Une étude de A Bouguen, J Grenet et M Gurgand, publiée à la rentrée 2017, avait conclu à l’efficacité des dédoublements de CP. » Le dédoublement de la taille des classes (de 24 à 12 élèves par classe) conduirait, d’après les études recensées dans cette note, à une amélioration des performances scolaires comprise entre 20 % et 30 % d’un écart-type », disait-elle. Or l’étude de la Depp publiée le 23 janvier évoque des écarts types de 8% en français et 13% en maths, soit nettement en dessous des résultats attendus.
De plus, l’étude ne donne pas de résultats à moyen ou long terme. Or les dédoublements en Cp et Ce1 sont rendus possibles par la récupération de postes aux autres niveaux. Même en éducation prioritaire il faut augmenter le nombre d’élèves par classe en maternelle comme après le Ce1 pour trouver les postes des dédoublements.
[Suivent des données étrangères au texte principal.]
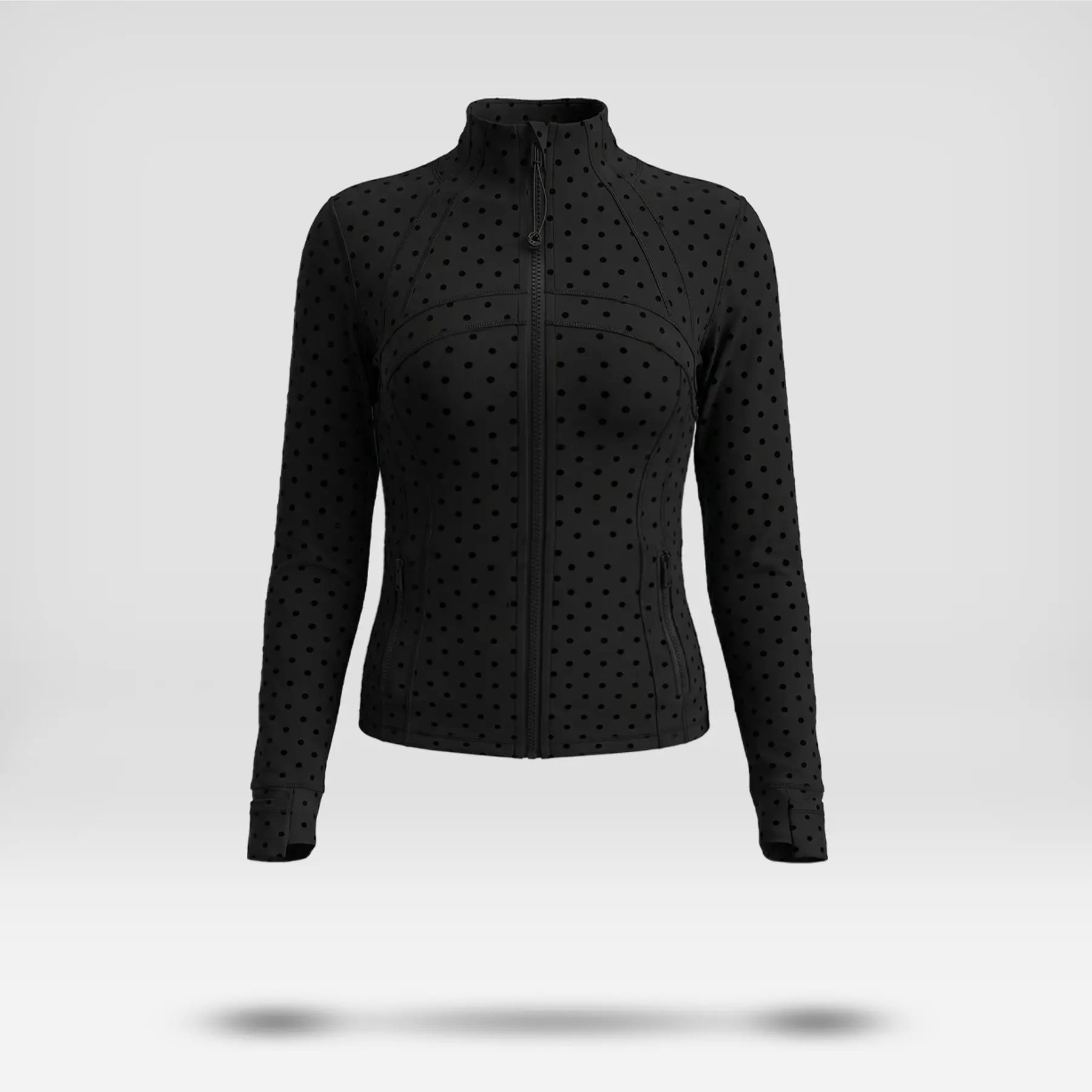 Women's Summer Athletic Track Jacket with Long Sleeves, Stand Collar, and Polka Dot Texture, Designed for Slim Fit, Ideal for Yoga, Gym, Running, Tennis, and Golf, Made from Stretchy Nylon Spandex Brushed Fabric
Autrement dit l’élève risque fort d’avoir une situation scolaire dégradée avant le CP et après le Ce1.
L’étude danoise
L’étude de Simon Calmar Andersen, Helena Skyt Nielsen, Louise Beuchert et Mette Kjærgaard Thomsen, publiée dans le Journal of the European Economic Association, a été présentée au séminaire Liepp du 16 avril par Denis Fougère.
Elle s’appuie sur les résultats de plus de 5000 élèves issus de 105 écoles. Elle observe l’effet de la présence de deux types de « teacher’s aide » : des enseignants formés , comme nos maitres +, et des assistants qui ne sont pas des enseignants formés.
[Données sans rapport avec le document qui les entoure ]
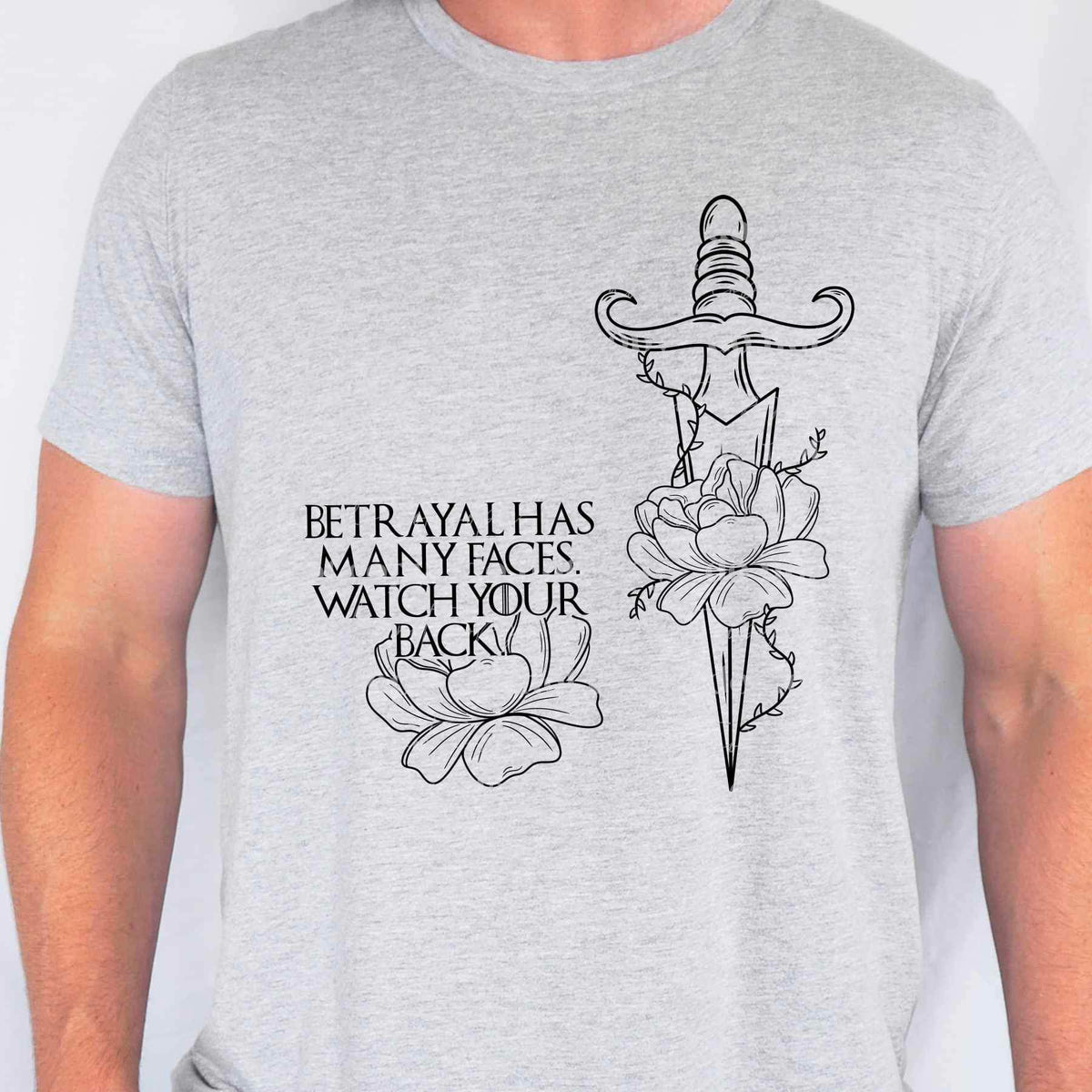 Betrayal has many faces watch your back BLACK 9419 DTF TRANSFER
L’appel à ces enseignants bis constitue pour les auteurs une solution plus souple que le dédoublement des classes. Les maitres peuvent intervenir dans des situations pédagogiques beaucoup plus variées à la demande. Et le dispositif est nettement moins couteux que celui, beaucoup plus rigide, des dédoublements.
Plusieurs études préalables tendaient à donner un avantage au dédoublement. Ainsi en Angleterre l’appel à des teachings assistants avait conduit à une baisse des résultats. Mais on s’était aperçu qu’en fait les teachings assistants étaient utilisés pour mettre à l’écart les élèves faibles au prétexte de remédiation pour faire avancer plus vite les autres.
Avec les maitres +, des résultats équivalents pour un coup moindre
Les résultats de l’étude danoise viennent changer cette perspective. « Les effets des interventions des co-enseignants et des assistants sont très positifs en lecture », affirme l’étude. Les élèves qui bénéficient d’un co-enseignant augmentent leurs résultats au test de lecture de 8.6% en comparaison avec un groupe témoin. Ceux avec un assistant de 13.1%. En maths les résultats sont moins bons. Un suivi sur 30 mois montre que l’effet positif est durable jusqu’à au moins 30 mois.
Les interventions des co-enseignants et des assistants sont généralement de nature différente. L’étude montre que l’impact du co -enseignant est plus fort quand il a plus de 5 ans d’ancienneté et quand son intervention est acceptée par son collègue. « Le co enseignant est plus efficace quand il est utilisé comme un dédoublement flexible de la classe », explique l’étude, « alors que l’assistant l’est dans les classes à problème disciplinaire ».
La conclusion mérite réflexion; « En somme, l’utilisation de maitres + semble au moins être aussi efficace que la réduction de la taille des classes. Or c’est une intervention beaucoup plus flexible qui peut viser des groupes précis d’élèves sur des périodes précises ».
En misant sur les dédoublements et en supprimant les maitres +, E Macron et JM Blanquer semblent avoir choisi un moyen nettement plus couteux et pas plus efficace.
François Jarraud
Simon Calmar Andersen, Helena Skyt Nielsen, Louise Beuchert et Mette Kjærgaard Thomsen, The Effect of Teacher’s Aides in the Classroom: Evidence from a Randomized Trial, Journal of the European Economic Association, décembre 2018.